I will give this advice to the OP:

I suspect you aren't seeing much online because the QX are installation-specific and expensive. "Hearing" by internet forum comments is a pretty lousy way to evaluate a speaker, anyway. Here are a couple QX installs in Washington:

This first one is close to you: http://eaw.com/qx-series-revitalizes-prominent-houses-of-worship/
This is farther, but may be more applicable as it is a theater: http://www.bingcrosbytheater.com/technical

Finally, as an independent consultant I see every product as a tool to achieve the design goal within the owner's budget. By going to a manufacturer for a design, no matter how competent their designers, you limit the size of your toolbox - sometimes to the point where you no longer have the right tool.
 
You know nothing of this model - no prior use, no investigation - and yet you blindly recommend a product that is probably not what his venue needs, presuming pattern control down to 400Hz is a criteria for his performance space.

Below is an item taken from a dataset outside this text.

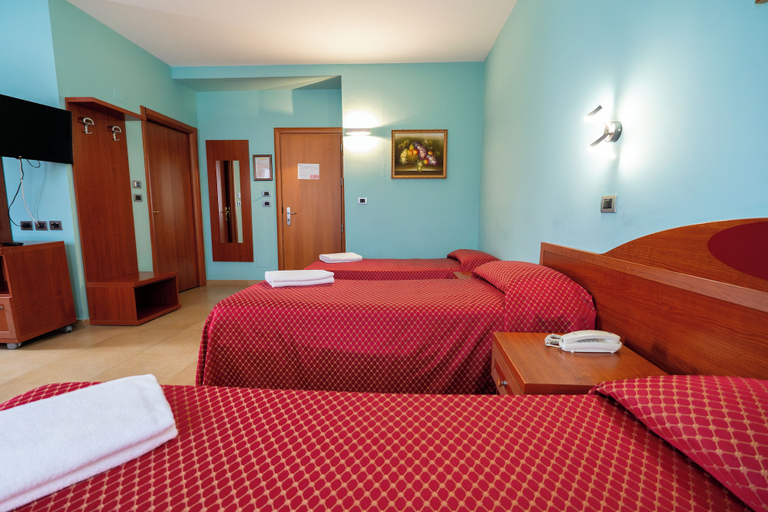 Bedroom 8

Perhaps you should consider a more lucrative career as a consultant. :rolleyes:

I assumed my post history shows I have at least a little intelligence to what I say, I'm a production engineer and FOH mixer for large-scale musical theater, not a contractor, and say what I know. I only design a few shows a year, but mix a dozen new shows on others designs every year. I fall back on to what I know. I'm also most likely never going to spec speakers by certain manufacturers because of the market I work in (i.e. we really just don't use EAW, Danley, or VUE due to perceptions of a lack of quality or lack of repeat quality box-to-box).

I also have designed and mixed in enough 400 seat theaters for musical theater where the box I recommended, in conjunction with Front-Fill and Delay sub-systems provide me exactly what I want and give me quality results, they are my go-to workhorse - and are the workhorse speaker you see around NYC in the tiny budget theater venues. Everyone knows how they sound, and are one of the few boxes I can use in a rep theater where every single Road Engineer knows how they sound and what they do, if appeasing an RE is important.

As for positive things, MNicolai's last post was 100% the best advice in this entire thread.
 
A L & R array of EAW QX326 has been proposed for a four hundred seat theater. The last row is rough 50' feet from the stage. Seating is wider than deep. The venue hosts all kinds of events from acoustic, jazz, rock and musical theater.
I have not heard this speaker and hoping to hear opinions from those who have heard and used it.
I have not heard the QX326, but I have used the Qx566i and it sounds great - better than Danley SH60.